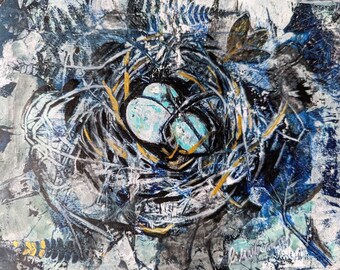 Nest painting Hand painted acrylic monotype on 8 by 10 gel press plate acid free,8 and a half x 11 inch art paper.  Nest eggs"series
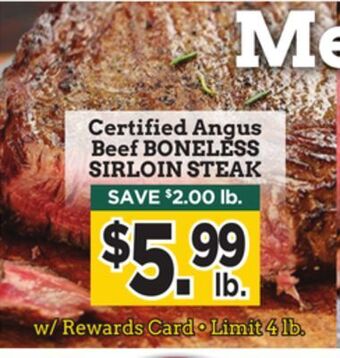 Dearborn Market Certified angus beef boneless sirloin steak offer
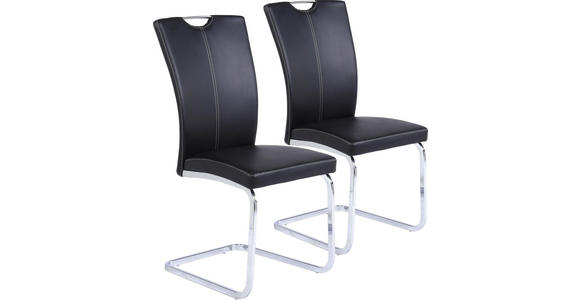 SCHWINGSTUHL 2-ER SET in Metall, Textil Chromfarben, Schwarz - Chromfarben/Beige, Design, Textil/Metall (41/95/58cm) - Xora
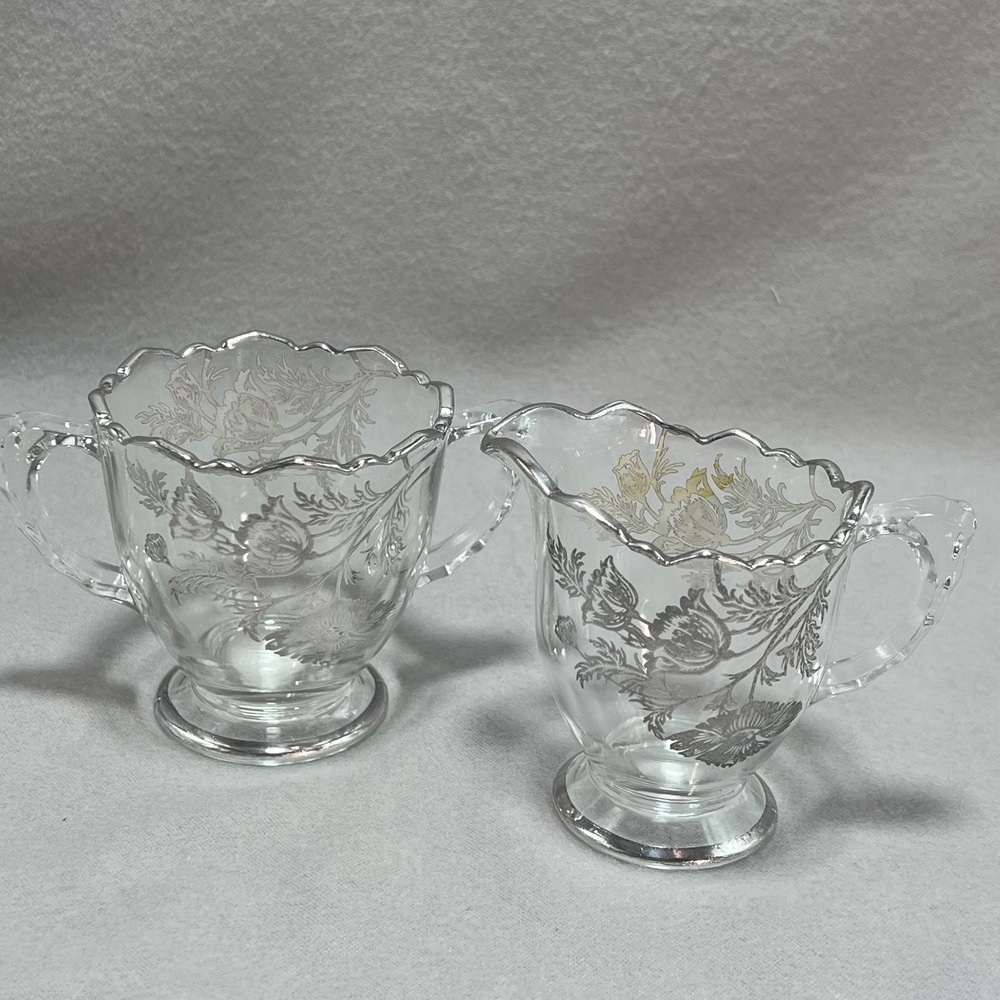 Silver City Poppy Flanders Clear Glass Silver Overlay Vintage Creamer Sugar Set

--- Action item ---
The reply should consist only of the lines from the top of the material above through the line with "SCHWINGSTUHL 2-ER SET", printed exactly, pictures omitted.

--- The answer ---
 Nest painting Hand painted acrylic monotype on 8 by 10 gel press plate acid free,8 and a half x 11 inch art paper.  Nest eggs"series
 Dearborn Market Certified angus beef boneless sirloin steak offer
 SCHWINGSTUHL 2-ER SET in Metall, Textil Chromfarben, Schwarz - Chromfarben/Beige, Design, Textil/Metall (41/95/58cm) - Xora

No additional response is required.